Question:medium

How fast a person should drive his car so that the red signal of light appears green? (wavelengths of red and green colours are 6200 and 5400 respectively)

Show Hint

Wavelength shortening (\"blue shift\") occurs whenever an observer approaches a stationary light source.
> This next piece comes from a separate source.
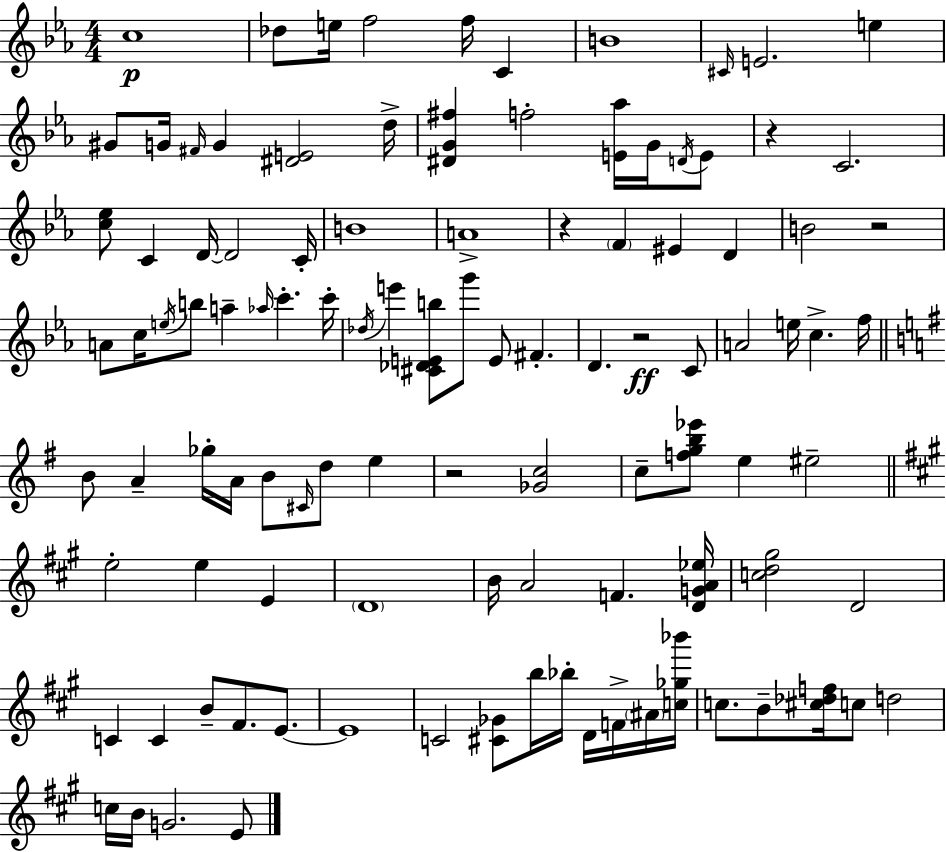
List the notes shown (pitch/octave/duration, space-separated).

C5/w Db5/e E5/s F5/h F5/s C4/q B4/w C#4/s E4/h. E5/q G#4/e G4/s F#4/s G4/q [D#4,E4]/h D5/s [D#4,G4,F#5]/q F5/h [E4,Ab5]/s G4/s D4/s E4/e R/q C4/h. [C5,Eb5]/e C4/q D4/s D4/h C4/s B4/w A4/w R/q F4/q EIS4/q D4/q B4/h R/h A4/e C5/s E5/s B5/e A5/q Ab5/s C6/q. C6/s Db5/s E6/q [C#4,Db4,E4,B5]/e G6/e E4/e F#4/q. D4/q. R/h C4/e A4/h E5/s C5/q. F5/s B4/e A4/q Gb5/s A4/s B4/e C#4/s D5/e E5/q R/h [Gb4,C5]/h C5/e [F5,G5,B5,Eb6]/e E5/q EIS5/h E5/h E5/q E4/q D4/w B4/s A4/h F4/q. [D4,G4,A4,Eb5]/s [C5,D5,G#5]/h D4/h C4/q C4/q B4/e F#4/e. E4/e. E4/w C4/h [C#4,Gb4]/e B5/s Bb5/s D4/s F4/s A#4/s [C5,Gb5,Bb6]/s C5/e. B4/e [C#5,Db5,F5]/s C5/e D5/h C5/s B4/s G4/h. E4/e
The ratio of the wavelength shift to the initial value gives the precise fraction of the speed of light at which the vehicle is traveling.
Updated On: Jun 7, 2026
  • \( 1.5\times10^{8}~\text{ms}^{-1} \)
  • \( 7\times10^{7}~\text{ms}^{-1} \)
  • \( 3.9\times10^{7}~\text{ms}^{-1} \)
  • \( 2\times10^{8}~\text{ms}^{-1} \)
Show Solution

The Correct Option is C

Solution and Explanation

Step 1: Understand the colour change.
When you drive fast toward a light, its wavelength looks shorter (it shifts toward blue). Red light has a longer wavelength than green, so moving toward the red signal can make it look green.
Step 2: Write the Doppler shift for light.
For a source approaching, the change in wavelength is: \[ \Delta\lambda = \lambda\,\frac{v}{c} \] where $v$ is the car speed and $c = 3\times10^{8}\ ms^{-1}$.
Step 3: Find the needed wavelength change.
The red wavelength is $6200$ and the green is $5400$ (in angstrom units): \[ \Delta\lambda = 6200 - 5400 = 800 \]
Step 4: Rearrange for the speed.
\[ \frac{\Delta\lambda}{\lambda} = \frac{v}{c} \;\Rightarrow\; v = c\,\frac{\Delta\lambda}{\lambda} \]
Step 5: Put in the numbers.
Using the original red wavelength as $\lambda = 6200$: \[ v = (3\times10^{8})\frac{800}{6200} = (3\times10^{8})\frac{4}{31} \]
Step 6: Work out the value.
\[ v = \frac{12\times10^{8}}{31} \approx 3.9\times10^{7}\ ms^{-1} \] \[ \boxed{v \approx 3.9\times10^{7}\ ms^{-1}} \]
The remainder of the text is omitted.